14 maggio 2012
Lotta al racket e all’usura, a Palermo la Fiera del Consumo Critico
Estendere la “Rete di consumo critico antiracket” per sostenere quegli imprenditori che si sono ribellati al sistema criminale delle estorsioni. E’ questo l’obiettivo del progetto “Costituzione di una rete per il consumo critico antiracket” finanziato dal PON Sicurezza con 1.469.977 euro.
Il progetto finanzia una serie di azioni dirette a promuovere e stimolare un consumo “critico”, ovvero scelte di acquisto che premiano le imprese che hanno detto no al pizzo. In queste azioni rientra anche la VII edizione della “Fiera del Consumo Critico Addiopizzo”, che si è svolta presso il Giardino Inglese a Palermo dall’11 al 13 maggio.

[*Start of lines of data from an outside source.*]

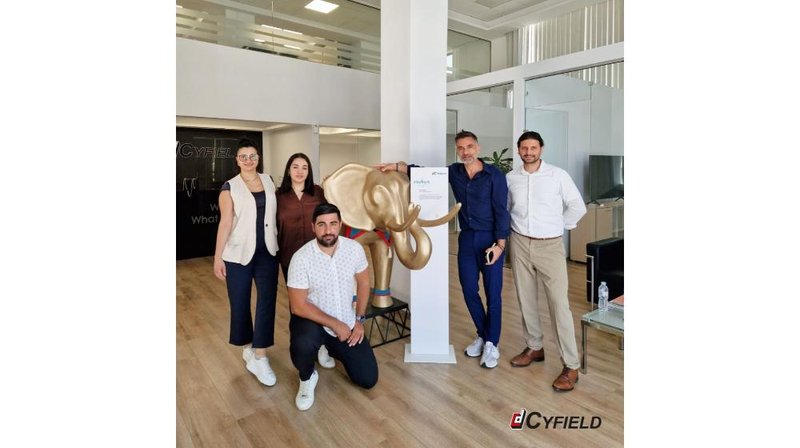 Cyfield Group elephant Sophia for Children (2)
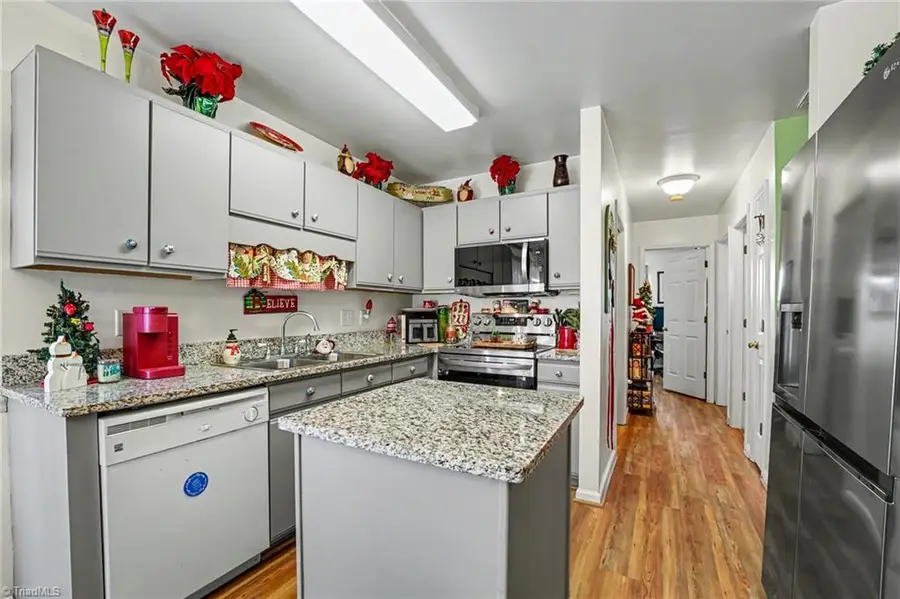 103 Wynbrook Court, Winston Salem, NC 27103 - Image #3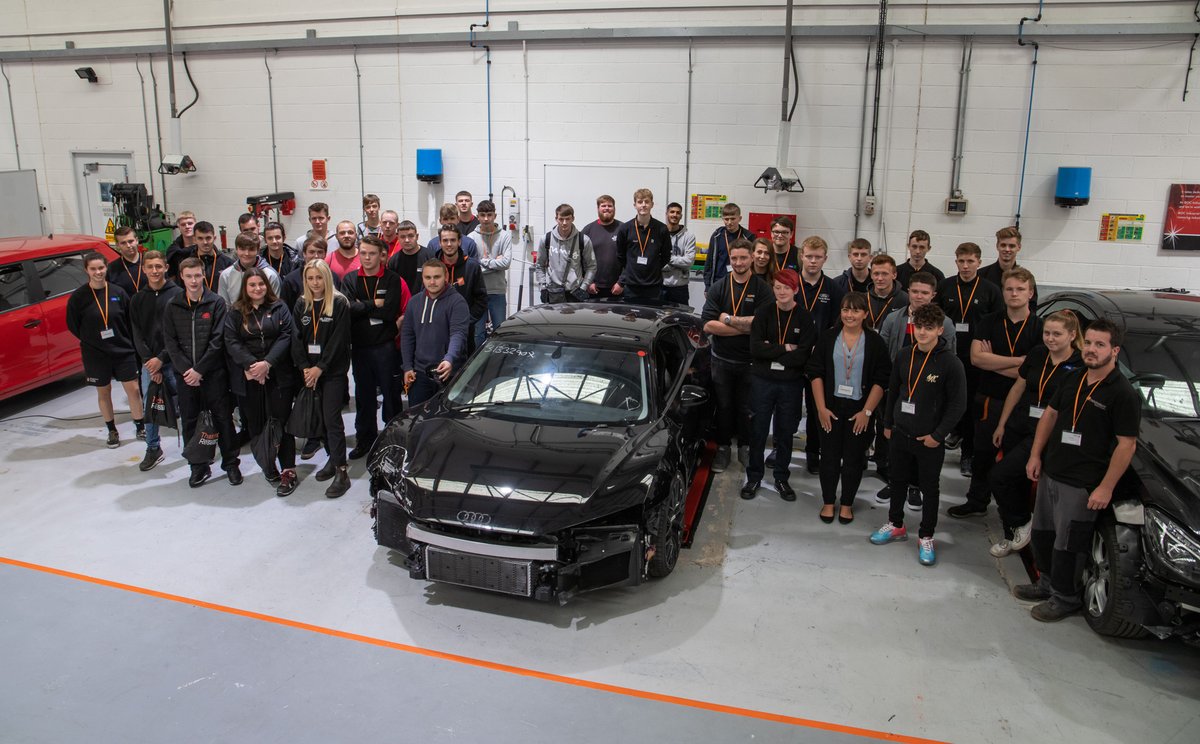 ThatchamRepair's tweet photo. We have trained over 1,550 apprentices since we started to deliver training 15 years ago.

La Fiera - che ha coinvolto studenti, imprenditori e istituzioni - rientra tra le attività di comunicazione integrata sostenute dal progetto finanziato dal Programma con il fine di estendere la conoscenza e l’adesione di operatori e consumatori alla ‘Rete di consumo critico antiracket’.
Tale iniziativa raccoglie attualmente circa 300 attività economiche che si oppongono pubblicamente al racket delle estorsioni mafiose e quasi diecimila cittadini che hanno sottoscritto un documento con il quale si impegnano a sostenerli con i propri acquisti.
La lotta al racket e all’usura è una delle linee strategiche del Programma. A febbraio sono state firmate al Viminale, alla presenza del ministro dell’Interno Annamaria Cancellieri, quattro convenzioni per dare attuazione ad altrettanti progetti già finanziati dal PON Sicurezza nell’ambito di questa linea strategica.